PALAVRA DO PAPA LEÃO

 


- na Audiência-Geral, Praça de São Pedro, Vaticano - Roma, no dia 17 de Setembro de 2025
 
Estimados irmãos e irmãs!
 
No nosso caminho de catequeses sobre Jesus, nossa esperança, contemplaremos, hoje, o mistério do Sábado Santo. O Filho de Deus jaz no sepulcro. Mas esta sua “ausência” não é um vazio: é espera, plenitude contida, promessa preservada na escuridão. É o dia do grande silêncio, em que o céu parece mudo e a terra imóvel, mas é precisamente aí que se realiza o mistério mais profundo da fé cristã. Trata-se de um silêncio cheio de sentido, como o ventre de uma mãe que conserva o filho que ainda não nasceu, mas já está vivo.
O corpo de Jesus, tirado da cruz, é cuidadosamente envolvido em lençóis, como se faz com o que é precioso. O evangelista João diz-nos que foi sepultado num jardim, dentro de «um sepulcro novo, no qual ainda ninguém tinha sido colocado» (Jo 19, 41). Nada é deixado ao acaso. Aquele jardim lembra o Éden perdido, o lugar onde Deus e o homem estavam unidos. E aquele sepulcro nunca usado fala de algo que ainda deve ocorrer: é um limiar, não um fim. No início da criação, Deus plantou um jardim; agora, também, a nova criação tem início num jardim: com um túmulo fechado que, em breve, se abrirá!
O Sábado Santo é também um dia de descanso. Em conformidade com a Lei judaica, no sétimo dia não se deve trabalhar: com efeito, após os seis dias de criação, Deus descansou (cf. Gn 2, 2). Agora, também, o Filho, depois de ter completado a sua obra de salvação, descansa. Não porque está cansado, mas porque terminou o seu trabalho. Não porque se rendeu, mas porque amou até ao fim. Não há mais nada a acrescentar. Este descanso é o selo da obra realizada, é a confirmação de que o que devia ser feito foi, verdadeiramente, concluído. Trata-se de um descanso repleto da presença oculta do Senhor!
Temos dificuldade em parar e descansar. Vivemos como se a vida nunca fosse suficiente. Corremos para produzir, para demonstrar, para não perder terreno. Mas, o Evangelho ensina-nos que saber parar é um gesto de confiança que devemos aprender a realizar.
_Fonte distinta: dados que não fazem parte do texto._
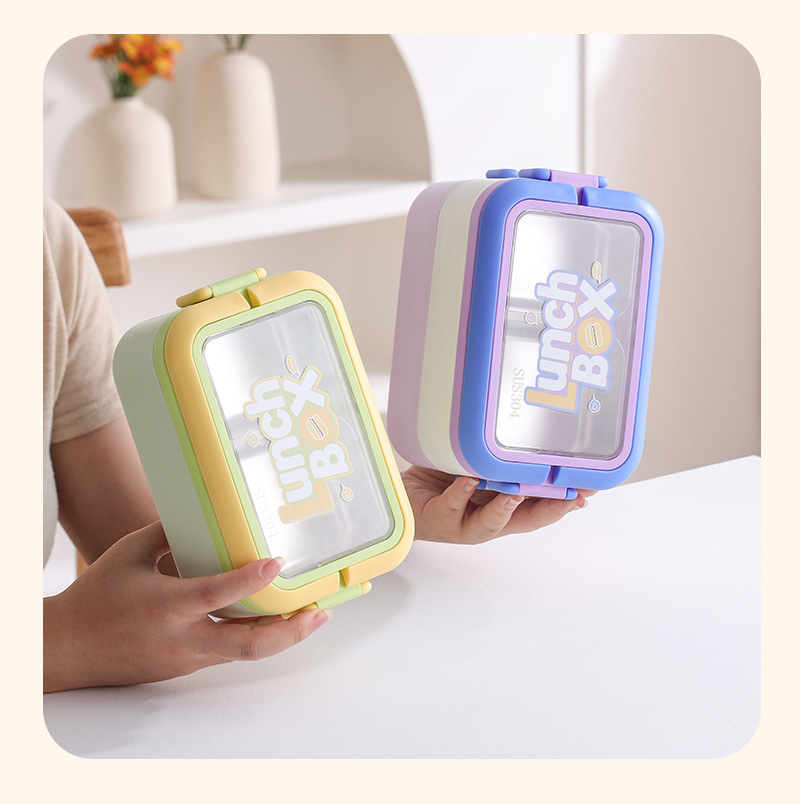 Alto nivel de apariencia ins cream wind simple estilo japonés bento box con tapa portátil trabajador de oficina caja de comida de compartimento caja de comida de plástico pic 15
O Sábado Santo convida-nos a descobrir que a vida nem sempre depende daquilo que fazemos, mas, também, do modo como sabemos desapegar-nos do que pudemos fazer.
No sepulcro, Jesus, Palavra viva do Pai, cala-se. Mas, é exactamente naquele silêncio que a vida nova começa a fermentar. Como uma semente na terra; como a escuridão antes da alvorada. Deus não tem medo do tempo que passa, porque é também Senhor da espera. De igual modo, o nosso tempo “inútil”, o das pausas, dos vazios, dos momentos estéreis, pode tornar-se ventre de ressurreição. Cada silêncio acolhido pode ser a premissa de uma Palavra nova. Cada tempo suspenso pode tornar-se tempo de graça, se o oferecermos a Deus!
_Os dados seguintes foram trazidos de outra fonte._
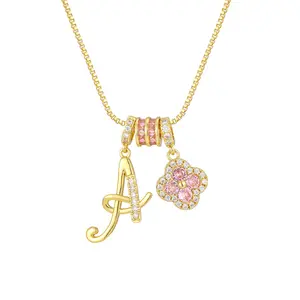 2026 New model Plated 3-Layer Initial A-Z Letter Pendant Necklace for Women, Snake Chain Choker with Pink Heart Zircon, Adjustable Length Costume Jewelry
Sepultado na terra, Jesus é o rosto manso de um Deus que não ocupa todo o espaço. É o Deus que deixa fazer, que espera, que se retira para nos deixar a liberdade. É o Deus que confia, até quando tudo parece acabado. E nós, naquele sábado suspenso, aprendemos que não devemos ter pressa em ressuscitar: primeiro é preciso permanecer, aceitar o silêncio, deixar-nos abraçar pelo limite. Às vezes, procuramos respostas rápidas, soluções imediatas. Mas Deus trabalha nas profundezas, no tempo lento da confiança. Assim, o sábado da sepultura torna-se o ventre do qual pode brotar a força de uma luz invencível, a da Páscoa!
Caros amigos, a esperança cristã não nasce no barulho, mas no silêncio de uma espera habitada pelo amor. Não é filha da euforia, mas do abandono confiante. É a Virgem Maria que no-lo ensina: ela encarna esta espera, esta confiança, esta esperança. Quando nos parece que tudo está parado, que a vida é um caminho interrompido, lembremo-nos do Sábado Santo. Até no sepulcro, Deus prepara a maior surpresa. E se soubermos aceitar, com gratidão, o que aconteceu, descobriremos que, precisamente na pequenez e no silêncio, Deus ama transfigurar a realidade, renovando todas as coisas com a fidelidade do seu amor. A verdadeira alegria nasce da espera habitada, da fé paciente, da esperança de que quanto é vivido no amor, certamente renascerá para a vida eterna. (cf. Santa Sé)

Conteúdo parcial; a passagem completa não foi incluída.